Why pylock.toml includes digital attestations

A Python project got hacked where malicious releases were directly uploaded to PyPI. I said on Mastodon that had the project used trusted publishing with digital attestations, then people using a pylock.toml file would have noticed something odd was going on thanks to the lock file including attestation data. That led to someone asking for a link to something to explain what I meant. I didn't have a link handy since it's buried in 4 years and over 1,800 comments of discussion, so I figured I would write a blog post. 😁

Since trusted publishing is a prerequisite for digital attestations, I'll cover that quickly. Basically you can set a project up on PyPI such that a continuous deployment (CD) system can upload a release to PyPI on your behalf. Since PyPI has to trust the CD system to do security right as it lets other sites upload to PyPI on your behalf, not every CD system out there is supported, but the big ones are and others get added as appropriate. Since this helps automate releases without exposing any keys to PyPI that someone might try to steal, it's a great thing to make your life as a maintainer easier while doing something safer; win-win!

Digital attestations are a way for a CD system to attest that a file came from that CD system.

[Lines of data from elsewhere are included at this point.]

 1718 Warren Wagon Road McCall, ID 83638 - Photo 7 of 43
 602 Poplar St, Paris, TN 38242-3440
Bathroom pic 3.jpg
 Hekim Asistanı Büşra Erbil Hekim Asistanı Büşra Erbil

That's handy as once you know where a file should come from you can verify that fact to make sure nothing nefarious is going on. And since this is just a thing to flip on, it's extremely simple to do. If you use the official PyPA publish action for GitHub Actions, you get it automatically. For other CD systems it should be a copy-and-paste thing into your CD configuration.

Now, the thing that pylock.toml records is who the publisher is for a file. Taking packaging as an example, you can look at the provenance for packaging-26.0-py3-none-any.whl that comes from the digital attestation and you will notice it tells you the file came from GitHub via the pypa/packaging repo, using the publish.yml workflow run in the "pypi" environment (which you can also see via the file's details on PyPI):

"publisher": {
  "environment": "pypi",
  "kind": "GitHub",
  "repository": "pypa/packaging",
  "workflow": "publish.yml"
}

So what can you do with this information once it's recorded in your pylock.toml? Well, the publisher details are stored for each package in the lock file. That lets code check that any files listed in the lock file for that package version were published from the same publisher that PyPI or whatever index you're using says the file came from. So if the lock file and index differ on where they say a file came from, something bad may have happened.

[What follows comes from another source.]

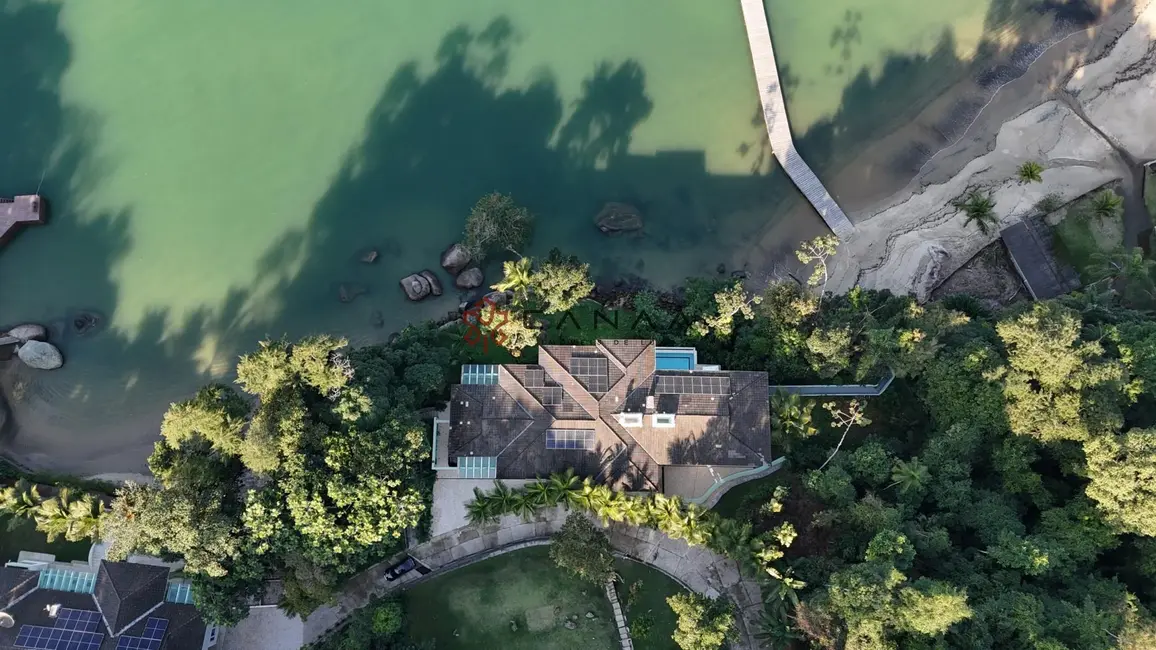 Casa com 6 quartos para alugar, 1000m2 em Piraquara (Cunhambebe), Angra Dos Reis - RJ - imagem 2 Foto 2 de Casa com 6 quartos para alugar, 1000m2 em Piraquara (Cunhambebe), Angra Dos Reis - RJ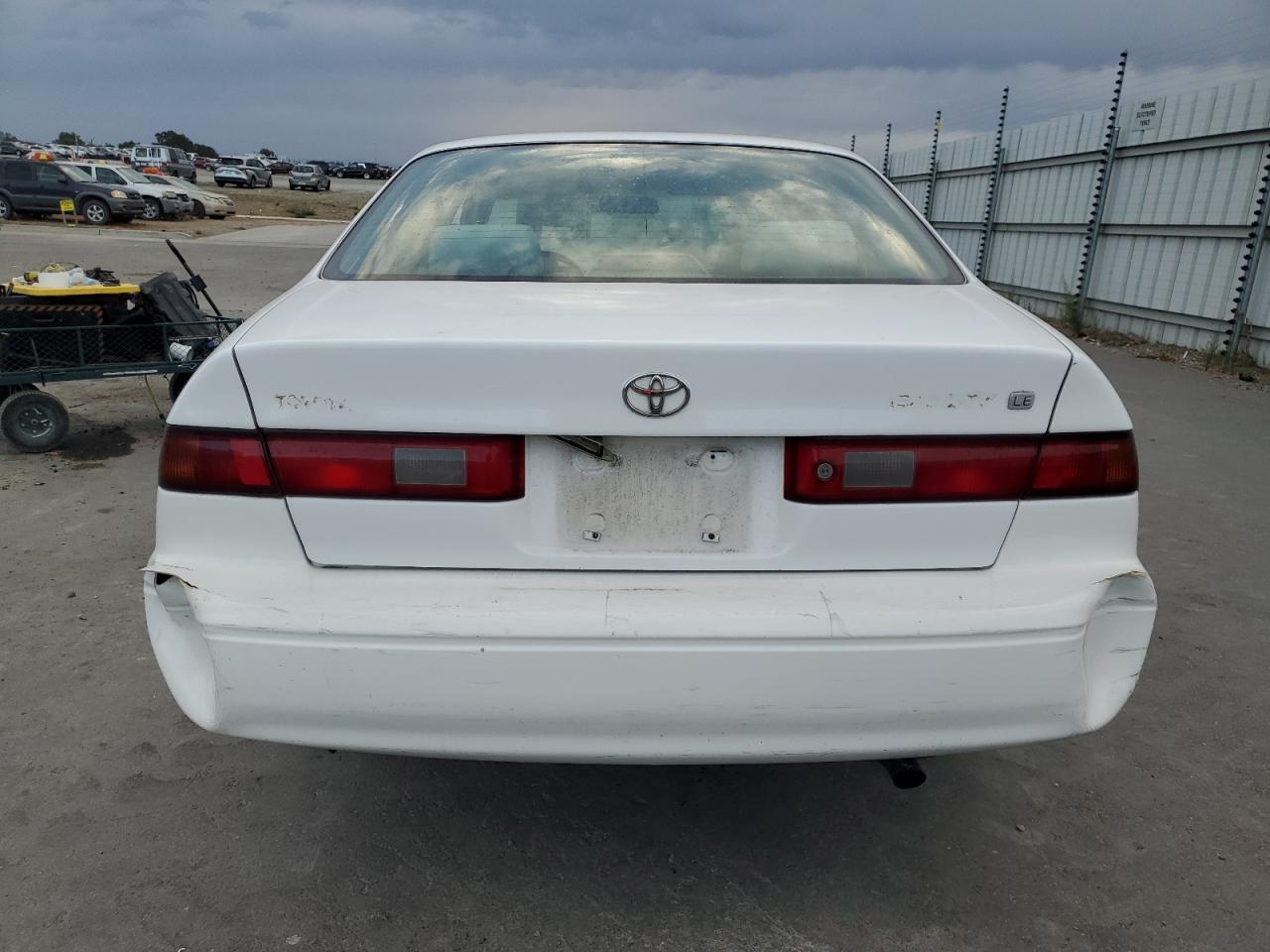 1997 Toyota Camry Le VIN: JT2BG22K4V0096777 Lot: 82445075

What can you do as a person if you don't have code to check that things line up (which isn't a lot of code; the lock file should have the index server for the package, so you follow the index server API to get the digital attestation for each file and compare)? There are two things you can do manually. One, if you know that a project uses trusted publishing then that digital attestation details should be in the lock file (you can manually check by looking at the file details on PyPI); if it's missing or changed to something suspicious then something bad may have happened. Two, when looking at a PR to update your lock file (and pylock.toml was designed to be human-readable), if digital attestation details suddenly disappear then something bad probably happened.

So to summarize:

  1. Use trusted publishing if you're a maintainer
  2. Upload digital attestations if you're a maintainer
  3. Use lock files where appropriate (and I'm partial to pylock.toml 😁)
  4. If you're using pylock.toml have code check the recorded attestations are consistent
  5. When reviewing lock file diffs (which you should do!), make sure the digital attestations don't look weird or were suddenly deleted

A special thanks to William Woodruff, Facundo Tuesca, Dustin Ingram, and Donald Stufft for helping to make trusted publishers and digital attestations happen.